Suministros por cuentagotas

Por otra parte, el alcalde expuso que no fue hasta la semana pasada que se empezó a normalizar la entrada y distribución de agua y alimentos. Aun así, Torres Maldonado insistió que lo que llega no da abasto.

A modo de ejemplo, explicó que Peñuelas ahora recibe 10 paletas de agua al día, cifra equivalente a 480 cajas. Esto para cumplir con las necesidades de más de 12 mil personas sin servicio de agua potable.

“No es suficiente y aún si lo racionas, se acaba en uno o dos días, así que siempre se mantiene la necesidad”, explicó. “Yo agradezco lo que se ha hecho, pero lo que se ha hecho no es suficiente”.

“Para nosotros, poco ha cambiado desde el huracán.

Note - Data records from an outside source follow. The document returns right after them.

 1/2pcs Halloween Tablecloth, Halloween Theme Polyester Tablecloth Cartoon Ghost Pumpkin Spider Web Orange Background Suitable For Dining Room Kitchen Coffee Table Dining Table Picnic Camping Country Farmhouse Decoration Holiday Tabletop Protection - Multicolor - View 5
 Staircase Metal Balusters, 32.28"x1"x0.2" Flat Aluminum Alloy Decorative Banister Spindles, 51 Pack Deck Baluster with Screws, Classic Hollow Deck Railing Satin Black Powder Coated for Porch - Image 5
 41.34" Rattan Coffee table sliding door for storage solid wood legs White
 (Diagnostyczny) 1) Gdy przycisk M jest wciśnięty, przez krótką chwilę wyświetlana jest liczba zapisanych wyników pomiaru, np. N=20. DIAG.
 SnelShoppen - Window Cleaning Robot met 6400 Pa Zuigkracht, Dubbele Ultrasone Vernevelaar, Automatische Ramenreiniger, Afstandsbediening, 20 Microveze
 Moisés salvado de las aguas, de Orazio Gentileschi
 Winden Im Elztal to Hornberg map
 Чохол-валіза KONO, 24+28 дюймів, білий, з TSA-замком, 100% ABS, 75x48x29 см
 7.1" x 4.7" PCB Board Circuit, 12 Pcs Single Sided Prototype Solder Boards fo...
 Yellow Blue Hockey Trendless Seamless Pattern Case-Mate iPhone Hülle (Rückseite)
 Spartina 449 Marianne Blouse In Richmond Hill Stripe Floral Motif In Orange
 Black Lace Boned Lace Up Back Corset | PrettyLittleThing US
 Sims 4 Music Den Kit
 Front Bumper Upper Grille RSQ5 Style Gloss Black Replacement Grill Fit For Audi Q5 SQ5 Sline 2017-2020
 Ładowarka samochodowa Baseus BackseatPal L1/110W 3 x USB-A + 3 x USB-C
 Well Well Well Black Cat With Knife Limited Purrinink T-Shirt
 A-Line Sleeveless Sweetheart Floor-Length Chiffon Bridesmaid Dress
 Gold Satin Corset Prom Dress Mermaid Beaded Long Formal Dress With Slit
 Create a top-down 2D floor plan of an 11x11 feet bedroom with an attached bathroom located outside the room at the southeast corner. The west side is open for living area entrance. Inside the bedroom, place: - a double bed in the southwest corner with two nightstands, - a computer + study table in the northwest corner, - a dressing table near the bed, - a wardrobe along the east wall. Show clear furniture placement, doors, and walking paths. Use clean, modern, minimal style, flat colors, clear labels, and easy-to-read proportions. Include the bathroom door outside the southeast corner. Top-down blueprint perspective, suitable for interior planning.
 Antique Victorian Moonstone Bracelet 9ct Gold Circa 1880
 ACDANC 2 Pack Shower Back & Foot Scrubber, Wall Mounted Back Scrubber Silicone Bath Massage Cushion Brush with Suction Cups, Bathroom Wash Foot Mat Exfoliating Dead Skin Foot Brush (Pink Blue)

La única diferencia es que las calles están transitables y eso es porque nosotros mismos las limpiamos”, continuó.

Asimismo, sostuvo que a cinco semanas del huracán, aun no ha tenido una sola reunión con personal del Cuerpo de Ingenieros del ejército estadounidense.

Como en el día uno

A diferencia de otros municipios sureños donde ha comenzado a restablecerse el sistema eléctrico, en Peñuelas la dieta de los damnificados no ha cambiado desde el huracán.

Los alimentos que buscan los peñolanos -comida enlatada, sopas y productos no perecederos- escasean y su venta sigue siendo racionada. Las góndolas de los supermercados no son reabastecidos con regularidad y solo los pocos negocios con planta eléctrica se mantienen operando.

Sin electricidad, tampoco pueden procesar compras con la tarjeta del Programa de Asistencia Nutricional (PAN).

“Estamos claros que la crisis en Puerto Rico no es la única situación que se está atendiendo, pero ya ha pasado un tiempo razonable. Cinco semanas es más que suficiente para estar al día con asuntos básicos de ayuda”, expuso el alcalde.

“Vienen muchas personas a preguntarnos cuáles son nuestras necesidades. Se les explica, se llenan documentos y todos salen para resolver el problema, pero hasta ahí. No pasa nada, hasta que venga el próximo con el mismo cuento”.

“Ya ni soporto que me pregunten las necesidades. Necesitamos personas que resuelvan”, concluyó.